"An excellent contribution to Texas-American History shelves, Tejanos in the 1835 Texas Revolution is particularly recommended for public and college library collections."
--The Midwest Book Review
"I join others who have proclaimed MacDonald's book among the best ever to tell the much over-looked story of Tejano involvement in making Texas a free republic. It will have a special place on my bookshelf."--San Angelo Standard-Times
Not long after Mexico won its independence from Spain in 1821, hundreds of hardy frontiersmen from the United States settled in Texas after the Mexican government made them an attractive offer. Fertile land and protection by a fair and stable government were promised to anyone willing to establish a homestead in Texas, and soon more than 25,000 colonists from the United States were in Texas, forging a new life alongside their Mexican neighbors.
By 1830, however, Pres.

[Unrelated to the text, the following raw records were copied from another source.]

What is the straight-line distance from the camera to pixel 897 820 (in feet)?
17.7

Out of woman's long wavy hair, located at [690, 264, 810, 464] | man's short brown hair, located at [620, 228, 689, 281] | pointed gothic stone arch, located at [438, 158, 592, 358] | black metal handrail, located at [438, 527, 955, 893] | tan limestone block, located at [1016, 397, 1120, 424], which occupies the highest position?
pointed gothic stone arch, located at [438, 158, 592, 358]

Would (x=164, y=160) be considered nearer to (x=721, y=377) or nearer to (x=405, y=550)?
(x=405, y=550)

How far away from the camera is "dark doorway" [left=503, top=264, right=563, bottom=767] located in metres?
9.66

Antonio L 1/2pez de Santa Anna had assumed dictatorial power in Mexico. His policies and those of the new "Centralist" government deliberately terrified the American colonists (Texians) and Mexicans (Tejanos) who pursued the rights originally promised to them by the Mexican government. What resulted was the Texas Revolution-the bloody battle for the Alamo and the Battle of San Jacinto-effectively ending Mexican control of the province and giving rise to the Republic of Texas.
Unlike many of its predecessors in the study of the Texas Revolution, this detailed and candid history provides a focused study of the lesser-known frontiersmen and their Mexican allies, along with the women and children they protected. Rich in first-person anecdotes recounting the years leading up to the fight for the Alamo, the days spent within its walls, and its aftermath, this well-informed chronicle pays long-due attention to the often-overlooked contributions of Tejanos as well as the thirty-two volunteers from Gonzales who determinedly defended their rights. Enhanced by maps and illustrations devotedly handcrafted in leather by the author, this volume stands out as a unique examination of the cooperative struggle of the Mexicans and Americans who sought to overthrow Santa Anna's tyranny in the 1830s.